Sep 28, 2025

Your Third-Party AI Risks Are Your Risks

Jason Rebholz

Fun fact. Even if you don’t build your own AI apps or agentic systems, you still have the joy of managing AI-specific risks like prompt injection. In fact, I believe that most organizations are at risk of this today or will be in the near future.

Even if your company isn’t building AI tools, one of your existing third-party vendors almost certainly is, because in today’s market, if a B2B SaaS isn’t building AI into its platform, are they even a real company?

Here are just a few examples that are likely already present in your environment, whether officially or unofficially…I’m betting you have heard of some of these:

  • AI Chatbots: ChatGPT, Claude

  • AI Assistants: Microsoft Copilot, Google Gemini

  • Coding Copilots: Cursor, Windsurf, GitHub Copilot

  • Agents: Salesforce Agentforce

With SaaS apps, your data is now at a greater risk thanks to AI. Call a plumber because here are just a few examples that have emerged over the last few weeks, all focused on data leakage.

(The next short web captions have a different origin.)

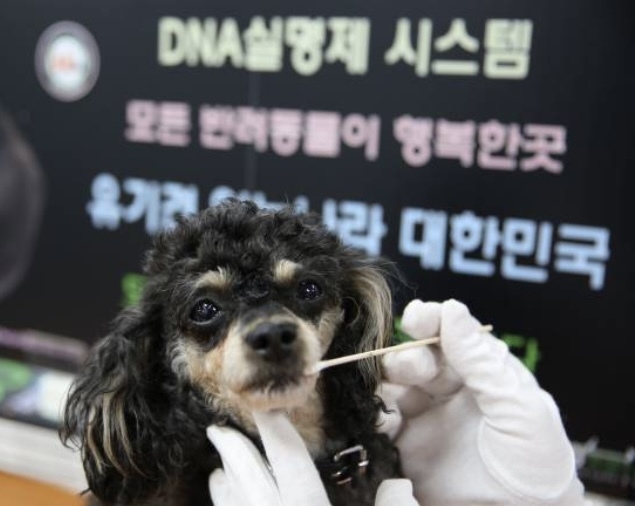 도그코리아는 면봉 하나로 반려견의 구강상피 세포를 채취 후 데이터화 한 정보를 전산에 등록하는 ‘DNA실명제’를 시행하고 있다. (사진=도그코리아 제공)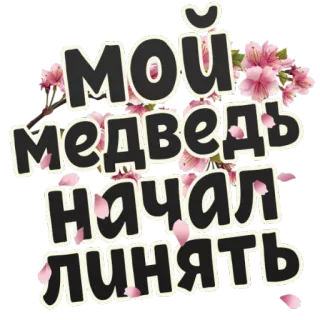 🐻 83e9957c Мой медведь начал линять ours, animal, fleurs, texte, russe telegram sticker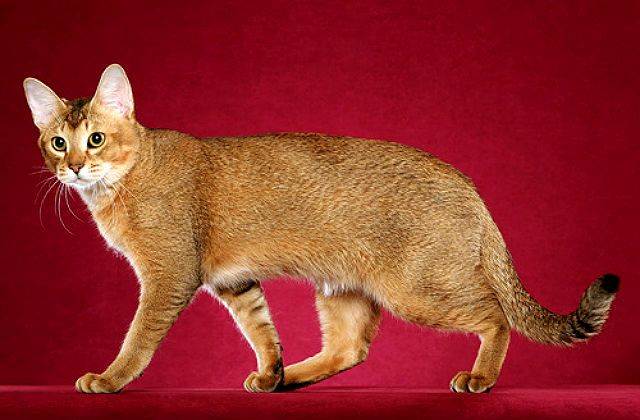 Чаузи: описание породы, характер и повадки кошки хауси, фото, выбор котенка, отзывы владельцев кота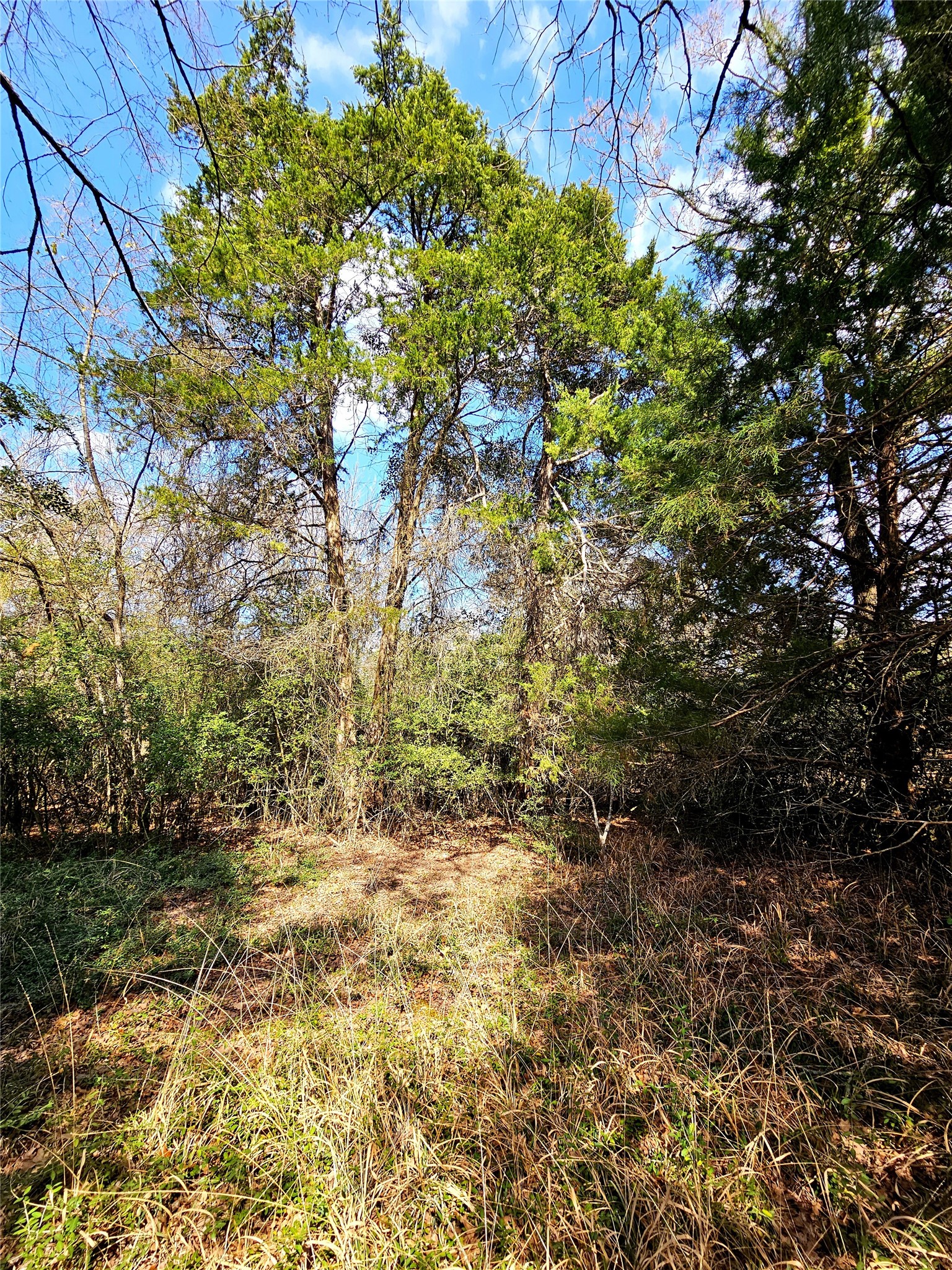 0 County Road 898 Jewett TX 75846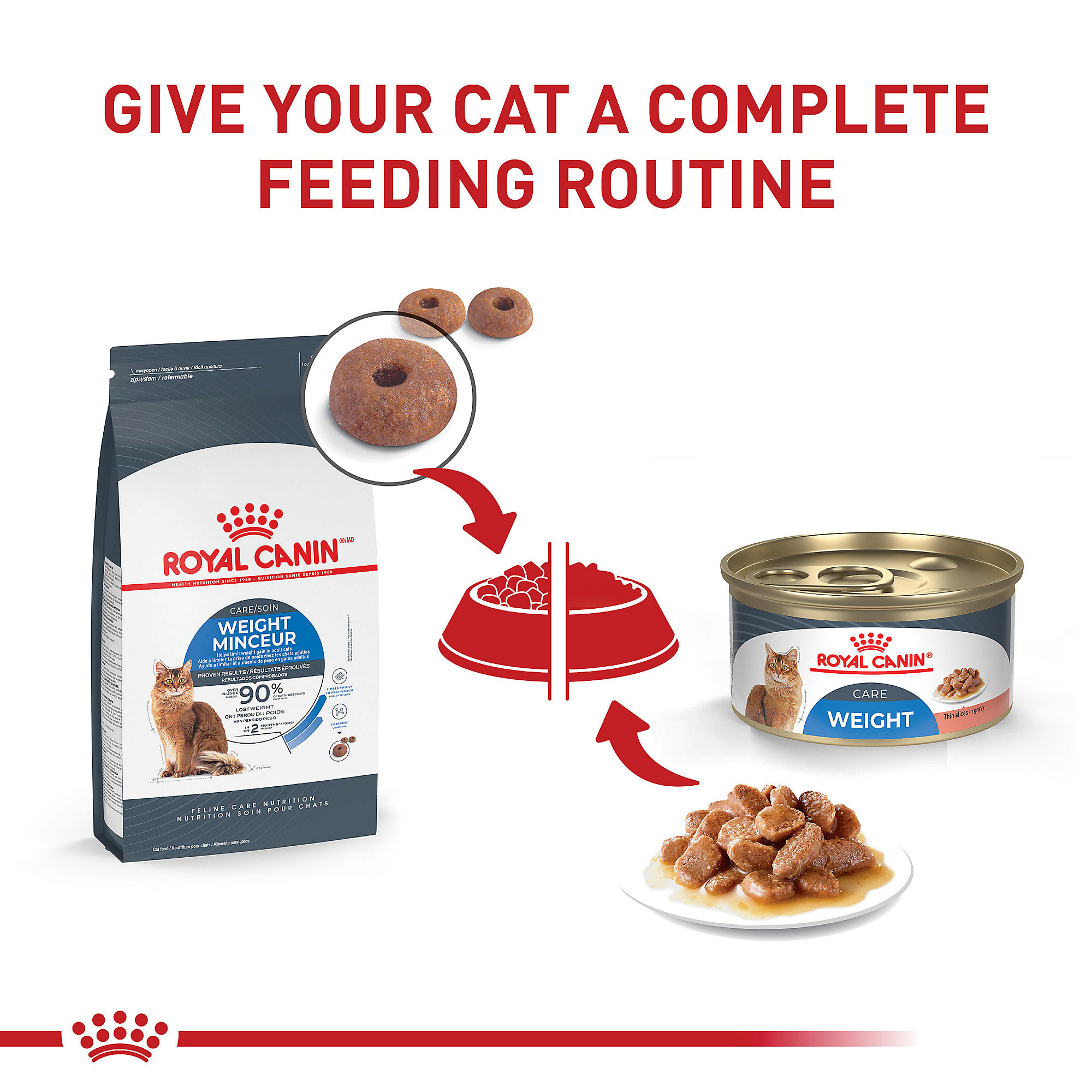 Wet cat food outlet to help gain weight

ShadowLeak: Radware found that it could use ChatGPT’s Deep Research agent to steal sensitive information from your connected Google email. It starts with an attacker sending you an email containing a prompt injection. Even if the user doesn’t read the email, when they ask ChatGPT Deep Research a question that involves pulling their email (assuming they have connected it), the prompt injection goes to work and, like a good little puppy, retrieves sensitive information from the user’s inbox and ships it off to the attacker.

Source

ForcedLeak: Noma discovered a chain of vulnerabilities in Salesforce Agentforce that could enable an attacker to steal data from the Salesforce CRM. This attack starts with an attacker submitting a specific type of form and including a prompt injection in one of the fields. Agentforce reads the submitted content and treats the prompt injection as an instruction to execute, which results in the data being sent to the attacker.

Source

Notion Leak: CodeIntegrity spared us from a “leak” name but graced us with a finding on Notion’s new agent. They found that you can provide Notion a PDF with, you guessed it, hidden prompt injection, and the Notion agent executes it like a good lil agent does. Those instructions included how to take client data stored in Notion and send it to an attacker-controlled server.

Source

So how do you manage this new risk? Ah, yes, so glad you asked. For organizations using SaaS tools (aka everyone), start here:

Step 1: Identify AI Usage: I’ll spare you the adage of “you can’t protect what you can’t see.” It’s overplayed…but it’s also really important. You need to monitor both the known knowns, i.e., the third-party SaaS solutions that have already undergone your third-party risk management review, and the unknown unknowns, i.e., your Shadow AI. You know your users are signing up for AI tools and connecting them to your company data. What you don’t know is what tools they are.

Step 2: Establish an AI Review Process: If you have a third-party risk management process, great, you’re already halfway there. But you need to update it to include questions around AI. Like, what types of models is the third-party provider using? How are they securing their AI implementations? What risk/security assessments have they done against their AI implementation? How are they monitoring for malicious activity?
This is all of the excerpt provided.